Waldorf schools begin each day with what has come to be called a “main lesson”—an unfortunate term in that it subtly denigrates all the other classes of the day, although this was not Rudolf Steiner’s intention.
The high school at which I teach calls these classes “seminars” because that’s descriptive of the way we teach them, it doesn’t connote elementary education, and it doesn’t denigrate other classes.
Many of the ideas and practices recorded here have evolved over my twenty-six years of teaching; what seems simple and obvious to me now in some cases took more than ten years to become so. But slow learning is better than none at all, and it is sometimes deeper than faster learning.
I wrote the following for my teacher education students, and I share it here for the reason I initially started this blog—to provide access to things I had written for which I occasionally get requests. It saves time if they’re here to read or copy—no offprints or email attachments. This document presents main lesson primarily as a middle school history teacher might approach it because the course in which I present it is Teaching History in a Waldorf School, Grades 5-8. Teachers of other grades and other subjects will make their own adjustments.

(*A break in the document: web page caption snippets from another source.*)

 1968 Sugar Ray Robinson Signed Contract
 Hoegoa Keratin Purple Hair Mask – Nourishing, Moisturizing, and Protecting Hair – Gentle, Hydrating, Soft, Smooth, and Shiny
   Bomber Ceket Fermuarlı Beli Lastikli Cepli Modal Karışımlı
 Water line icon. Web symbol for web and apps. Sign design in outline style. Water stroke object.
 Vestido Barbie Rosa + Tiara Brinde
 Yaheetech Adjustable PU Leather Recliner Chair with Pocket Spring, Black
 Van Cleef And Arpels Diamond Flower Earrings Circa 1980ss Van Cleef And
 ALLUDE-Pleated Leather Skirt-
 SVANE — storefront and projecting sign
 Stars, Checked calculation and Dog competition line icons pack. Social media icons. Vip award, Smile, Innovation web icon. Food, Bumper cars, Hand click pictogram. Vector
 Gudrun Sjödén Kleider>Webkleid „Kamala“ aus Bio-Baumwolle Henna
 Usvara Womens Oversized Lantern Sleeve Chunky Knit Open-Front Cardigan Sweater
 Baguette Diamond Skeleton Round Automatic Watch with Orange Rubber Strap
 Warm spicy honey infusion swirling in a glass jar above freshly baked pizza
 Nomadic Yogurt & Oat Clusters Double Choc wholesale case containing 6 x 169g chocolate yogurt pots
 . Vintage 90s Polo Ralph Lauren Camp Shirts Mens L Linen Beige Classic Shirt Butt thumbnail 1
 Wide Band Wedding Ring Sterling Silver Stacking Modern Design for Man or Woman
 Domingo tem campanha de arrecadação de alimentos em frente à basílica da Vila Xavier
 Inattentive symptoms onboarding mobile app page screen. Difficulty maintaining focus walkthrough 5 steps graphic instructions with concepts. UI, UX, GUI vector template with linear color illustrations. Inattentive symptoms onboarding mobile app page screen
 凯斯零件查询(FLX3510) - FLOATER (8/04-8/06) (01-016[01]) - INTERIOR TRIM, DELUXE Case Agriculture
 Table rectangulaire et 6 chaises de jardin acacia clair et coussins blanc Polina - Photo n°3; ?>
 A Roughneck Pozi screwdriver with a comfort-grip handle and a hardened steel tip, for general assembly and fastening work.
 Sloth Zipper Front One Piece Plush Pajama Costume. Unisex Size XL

Finally, I refer in here to doodling and to note-taking, both of which I've written about elsewhere on this blog.
Business
I begin by calling the class to order and getting business out of the way—announcements, attendance, and so forth. To say the morning verse before this—as I once did—now strikes me as bizarre. The verse prepares us to learn. So why prepare to learn and then spend ten minutes on trivial matters?
Morning Verse
Once business is accomplished, I usually say the verse with my class, although, given that many of them often arrive half asleep and malnourished, I sometimes ask them to walk or run around the school building (I used to teach in a room that had a running track just outside the back door, and a lap around this—even if calmly walked—usually brought the students back to me calmer and more alert). Then we say the verse together.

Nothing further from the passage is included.